The Details tab includes attributes of your transform. It shows you the details about the transform definition, including the following:

  • Transform name shows the name of the transform.

  • Type lists the type of the transform.

  • Status displays whether the transform is ready to be used in a script or job.

  • Force output to match labels displays whether the transform forces the output to match the labels provided by the user.

Estimate quality

The Estimate quality tab shows the metrics that you use to measure the quality of the transform. Estimates are calculated by comparing the transform match predictions using a subset of your labeled data against the labels you have provided. These estimates are approximate.You can invoke an Estimate quality task run from this tab.

The Estimate quality tab shows the metrics from the last Estimate quality run including the following properties:

  • Area under the Precision-Recall curve is a single number estimating the upper bound of the overall quality of the transform. It is independent of the choice made for the precision-recall parameter. Higher values indicate that you have a more attractive precision-recall tradeoff.

  • Precision estimates how often the transform is correct when it predicts a match.

  • Recall upper limit estimates that for an actual match, how often the transform predicts the match.

  • Max F1 estimates the transform's accuracy between 0 and 1, where 1 is the best accuracy. For more information, see F1 score in Wikipedia.

For information about understanding quality estimates versus true quality, see Quality Estimates Versus End-to-End (True) Quality.

For more information about tuning your transform, see Tuning Machine Learning Transforms in AWS Glue.

Quality Estimates Versus End-to-End (True) Quality

In the FindMatches machine learning transform, AWS Glue estimates the quality of your transform by presenting the internal machine-learned model with a number of pairs of records that you provided matching labels for but that the model has not seen before. These quality estimates are a function of the quality of the machine-learned model (which is influenced by the number of records that you label to “teach” the transform). The end-to-end, or true recall (which is not automatically calculated by the FindMatches transform) is also influenced by the FindMatches filtering mechanism that proposes a wide variety of possible matches to the machine-learned model.

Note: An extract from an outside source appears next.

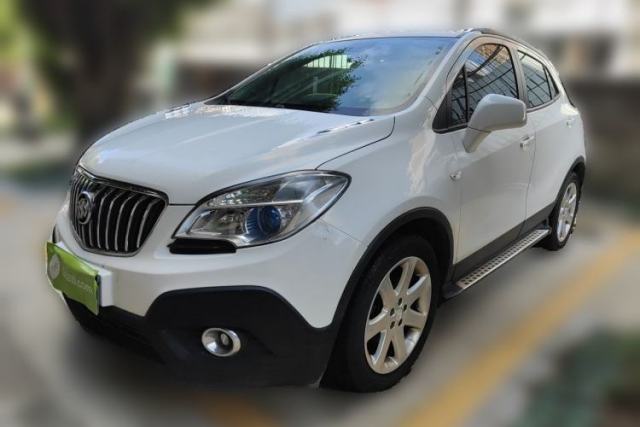 Used Buick Encore 2014 1.4T Automatic Two-Wheel Drive Urban Elite Model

You can tune this filtering method primarily by using the Lower Cost-Accuracy slider. As you move this slider closer to the Accuracy end, the system does a more thorough and expensive search for pairs of records that might be matches. More pairs of records are fed to your machine-learned model, and your FindMatches transform's end-to-end or true recall gets closer to the estimated recall metric. As a result, changes in the end-to-end quality of your matches as a result of changes in your matches's cost/accuracy tradeoff will typically not be reflected in the quality estimate.